(Data extracted from a collection)
---*---

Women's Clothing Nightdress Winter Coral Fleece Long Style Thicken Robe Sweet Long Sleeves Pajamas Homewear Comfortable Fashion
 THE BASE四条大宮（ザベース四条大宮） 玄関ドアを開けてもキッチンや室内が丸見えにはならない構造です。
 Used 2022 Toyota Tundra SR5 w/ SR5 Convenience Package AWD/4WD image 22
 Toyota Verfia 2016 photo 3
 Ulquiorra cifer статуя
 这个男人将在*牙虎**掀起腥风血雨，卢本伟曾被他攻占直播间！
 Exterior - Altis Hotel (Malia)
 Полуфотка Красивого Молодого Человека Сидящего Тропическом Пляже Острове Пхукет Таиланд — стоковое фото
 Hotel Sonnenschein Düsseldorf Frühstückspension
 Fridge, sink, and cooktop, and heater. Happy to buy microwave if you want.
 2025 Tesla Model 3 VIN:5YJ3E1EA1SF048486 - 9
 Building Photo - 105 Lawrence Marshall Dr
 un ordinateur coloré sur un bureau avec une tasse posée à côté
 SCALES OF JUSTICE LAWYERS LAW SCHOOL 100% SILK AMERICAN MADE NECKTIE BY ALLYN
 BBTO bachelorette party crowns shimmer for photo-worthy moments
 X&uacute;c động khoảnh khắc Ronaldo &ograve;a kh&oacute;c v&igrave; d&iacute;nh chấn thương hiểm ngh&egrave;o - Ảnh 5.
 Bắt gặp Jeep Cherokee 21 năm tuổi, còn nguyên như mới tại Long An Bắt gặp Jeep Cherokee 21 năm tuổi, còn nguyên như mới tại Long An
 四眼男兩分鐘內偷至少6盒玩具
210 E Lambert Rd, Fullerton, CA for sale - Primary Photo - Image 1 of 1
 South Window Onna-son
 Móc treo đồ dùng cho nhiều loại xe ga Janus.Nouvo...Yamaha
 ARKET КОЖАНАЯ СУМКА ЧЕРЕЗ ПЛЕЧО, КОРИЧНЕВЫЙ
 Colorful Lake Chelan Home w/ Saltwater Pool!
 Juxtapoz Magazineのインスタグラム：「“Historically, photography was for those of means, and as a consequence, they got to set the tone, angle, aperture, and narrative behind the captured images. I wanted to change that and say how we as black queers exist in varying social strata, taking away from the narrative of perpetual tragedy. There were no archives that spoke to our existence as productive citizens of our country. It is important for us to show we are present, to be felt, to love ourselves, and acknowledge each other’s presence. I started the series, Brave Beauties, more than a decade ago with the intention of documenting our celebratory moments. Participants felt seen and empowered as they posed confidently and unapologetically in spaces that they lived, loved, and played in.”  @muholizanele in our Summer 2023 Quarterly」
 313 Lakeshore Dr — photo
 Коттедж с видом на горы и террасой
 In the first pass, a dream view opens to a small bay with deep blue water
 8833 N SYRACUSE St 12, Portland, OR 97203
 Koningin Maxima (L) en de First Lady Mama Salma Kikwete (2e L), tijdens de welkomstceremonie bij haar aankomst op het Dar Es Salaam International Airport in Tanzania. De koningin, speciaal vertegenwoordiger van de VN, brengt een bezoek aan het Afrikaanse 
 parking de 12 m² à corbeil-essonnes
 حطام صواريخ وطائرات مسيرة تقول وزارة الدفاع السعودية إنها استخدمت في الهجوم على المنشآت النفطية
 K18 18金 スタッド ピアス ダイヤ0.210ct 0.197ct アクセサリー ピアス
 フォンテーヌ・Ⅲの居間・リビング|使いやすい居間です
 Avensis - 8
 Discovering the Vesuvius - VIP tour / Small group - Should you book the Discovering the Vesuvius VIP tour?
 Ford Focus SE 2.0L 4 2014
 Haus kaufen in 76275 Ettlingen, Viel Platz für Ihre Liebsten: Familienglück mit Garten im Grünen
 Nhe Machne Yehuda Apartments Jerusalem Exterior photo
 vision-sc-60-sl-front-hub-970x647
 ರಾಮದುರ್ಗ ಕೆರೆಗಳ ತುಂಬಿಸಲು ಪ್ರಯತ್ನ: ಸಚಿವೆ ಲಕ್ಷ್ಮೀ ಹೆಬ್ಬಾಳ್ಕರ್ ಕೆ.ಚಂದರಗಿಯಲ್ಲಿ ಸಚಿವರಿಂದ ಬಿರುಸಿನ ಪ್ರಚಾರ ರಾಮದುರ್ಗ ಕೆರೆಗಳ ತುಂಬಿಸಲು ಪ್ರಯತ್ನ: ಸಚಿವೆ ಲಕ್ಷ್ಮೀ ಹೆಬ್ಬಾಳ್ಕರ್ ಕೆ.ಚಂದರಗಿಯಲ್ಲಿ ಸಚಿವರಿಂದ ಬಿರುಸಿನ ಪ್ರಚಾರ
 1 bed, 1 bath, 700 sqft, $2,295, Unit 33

---*---

(Problem)
Only the lines from the first line of the records through the one containing "Colorful Lake Chelan Home w/ Saltwater Pool!" should be reproduced, exactly, with both of them included.

(Worked solution)
Women's Clothing Nightdress Winter Coral Fleece Long Style Thicken Robe Sweet Long Sleeves Pajamas Homewear Comfortable Fashion
 THE BASE四条大宮（ザベース四条大宮） 玄関ドアを開けてもキッチンや室内が丸見えにはならない構造です。
 Used 2022 Toyota Tundra SR5 w/ SR5 Convenience Package AWD/4WD image 22
 Toyota Verfia 2016 photo 3
 Ulquiorra cifer статуя
 这个男人将在*牙虎**掀起腥风血雨，卢本伟曾被他攻占直播间！
 Exterior - Altis Hotel (Malia)
 Полуфотка Красивого Молодого Человека Сидящего Тропическом Пляже Острове Пхукет Таиланд — стоковое фото
 Hotel Sonnenschein Düsseldorf Frühstückspension
 Fridge, sink, and cooktop, and heater. Happy to buy microwave if you want.
 2025 Tesla Model 3 VIN:5YJ3E1EA1SF048486 - 9
 Building Photo - 105 Lawrence Marshall Dr
 un ordinateur coloré sur un bureau avec une tasse posée à côté
 SCALES OF JUSTICE LAWYERS LAW SCHOOL 100% SILK AMERICAN MADE NECKTIE BY ALLYN
 BBTO bachelorette party crowns shimmer for photo-worthy moments
 X&uacute;c động khoảnh khắc Ronaldo &ograve;a kh&oacute;c v&igrave; d&iacute;nh chấn thương hiểm ngh&egrave;o - Ảnh 5.
 Bắt gặp Jeep Cherokee 21 năm tuổi, còn nguyên như mới tại Long An Bắt gặp Jeep Cherokee 21 năm tuổi, còn nguyên như mới tại Long An
 四眼男兩分鐘內偷至少6盒玩具
210 E Lambert Rd, Fullerton, CA for sale - Primary Photo - Image 1 of 1
 South Window Onna-son
 Móc treo đồ dùng cho nhiều loại xe ga Janus.Nouvo...Yamaha
 ARKET КОЖАНАЯ СУМКА ЧЕРЕЗ ПЛЕЧО, КОРИЧНЕВЫЙ
 Colorful Lake Chelan Home w/ Saltwater Pool!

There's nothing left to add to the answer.